I have attached the data set i am currently working with. On the data tab this is all child information. all i would like to do, is see if the address on the "Master" tab is in the "Child" Tab for a given Id
My thinking is, if i can solve for this use case then it should hopefully meet all the uses cases. Why, as the below use cases has the following 3 scenarios ( and this most you can have )
Input : Master
ID | Address | City | State/Province | Zip/Postal Code | Country |
18003036 | 39 Jeays Street | Bowen Hills | Queensland | 4006 | Australia |
18003036 | 431-439 King William Street | Adelaide | South Australia | 5000 | Australia |
18003036 | 367 Collins Street | Melbourne | Victoria | 3000 | Australia |
18003036 | Level 1 58 Burwood Road | Hawthorn | Victoria | 3122 | Australia |
Input : Data
ID | Parent ID | Address (Line 1, Line 2, Line 3) | City | State/Province | Zip/Postal Code | Country |
001j000000eKjoPAAS | 18003036 | Level 1 431- 439 King William Street | Adelaide | South Australia | 5000 | Australia |
001j000000eKjoQAAS | 18003036 | Suite 11 39 Jeays Street | Bowen Hills | Queensland | 4006 | Australia |
001j000000cVKUrAAO | 18003036 | 367 Collins Street | Melbourne | Victoria | 3000 | Australia |
001j000000cVKT8AAO | 18003036 | Level 1 480 St Kilda Road | Melbourne | Victoria | 3004 | Australia |
001j000000eKh0KAAS | 18003036 | Unit 3 Level 2 10 Moorabool Street | Geelong | Victoria | 3040 | Australia |
Expected outcome
ID | Address | City | State/Province | Zip/Postal Code | Country | child id | child address | % | Reason |
18003036 | 39 Jeays Street | Bowen Hills | Queensland | 4006 | Australia | 001j000000eKjoQAAS | Suite 11 39 Jeays Street | Fuzzy Match | |
18003036 | 431-439 King William Street | Adelaide | South Australia | 5000 | Australia | 001j000000eKjoPAAS | Level 1 431- 439 King William Street | Fuzzy Match | |
18003036 | 367 Collins Street | Melbourne | Victoria | 3000 | Australia | 001j000000cVKUrAAO | Level 31 367 Collins St | Exact Match | |
18003036 | Level 1 58 Burwood Road | Hawthorn | Victoria | 3122 | Australia | No Address matches |
If I think about it. What I'm looking to do is fuzzy match two sources , however I want the matching to only be executed within groups.
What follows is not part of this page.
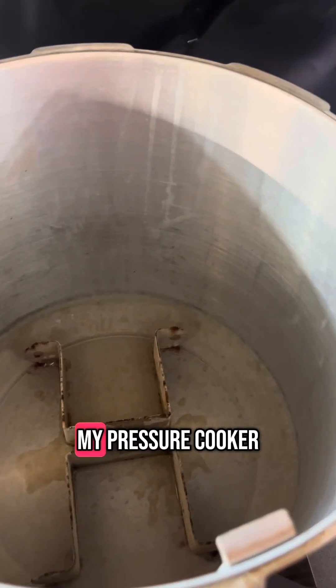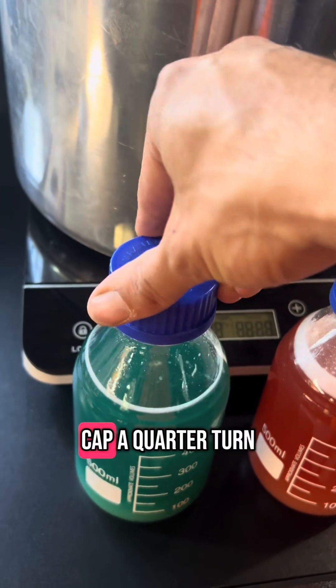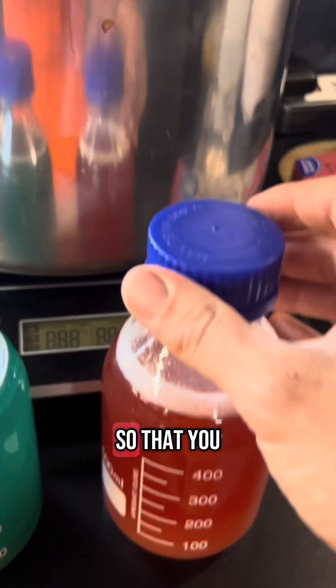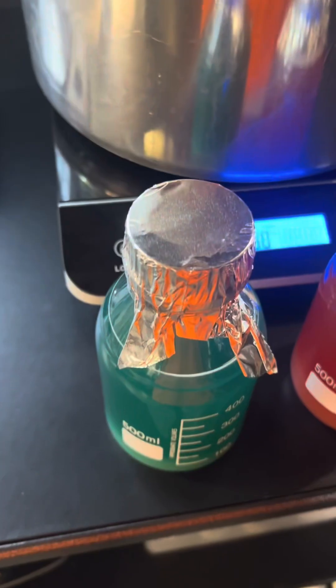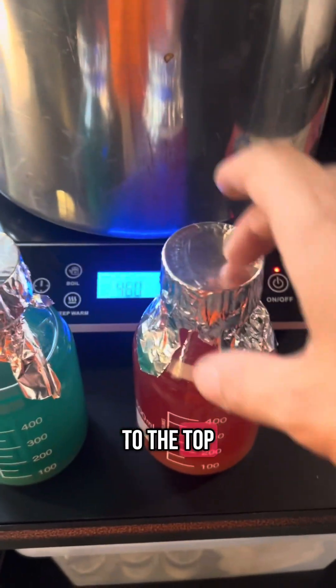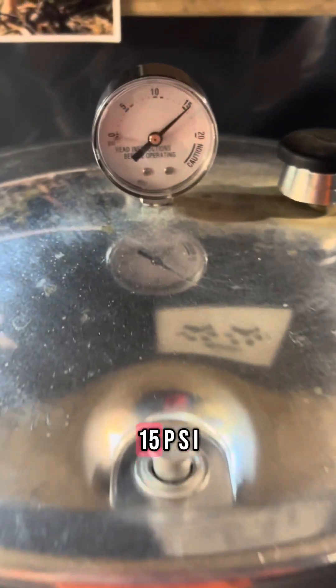Fill your pressure cooker with water, and remember to unscrew the cap a quarter turn so that excess pressure can escape from the jars. Add some foil to the top, then place them into your pressure cooker. You want to cook this for 30 minutes at 15 PSI.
For example Alteryx to fuzzy match within Group a, then move on to B, then onto group c, d, etc
Hi @Masond3 - The dataset helped. I designed something that I hope will meet your requirements:
Please note that your child data has 6 groups of similar addresses:
001j000000cVKPrAAO Level 22, ANZ Tower, 242 Pitt Street
001j000000heDOcAAM Level 23, 242 Pitt Street
001j000000eKjhiAAC 105 Mawson Drive
001j000000eKgcKAAS 105 Mawson Drive
001j000000eKjZSAA0 Level 4, 1 York Street
001j000000eKhEMAA0 Level 4, 1 York Street
001j000000cVKUlAAO Level 21, 25 Bligh Street
001j000000eKhGwAAK Level 21 25 Bligh Street
001j000000eKjaGAAS One International Towers, 100 Barangaroo Avenue
001j000000eKju3AAC One International Towers, 100 Barangaroo Avenue
001j000000eKiKZAA0 Suite 13, Edgecliff Mews, 201 New South Head Road
001f100001ZX5ESAA1 Suite 13,201 New South Head Rd
That is why the output has more records than input. You can use a Sample tool to pick just one or do something else, if you want to avoid this.
Hi @Masond3 - Can you please let me know if this worked for you? If so, please mark it as a solution.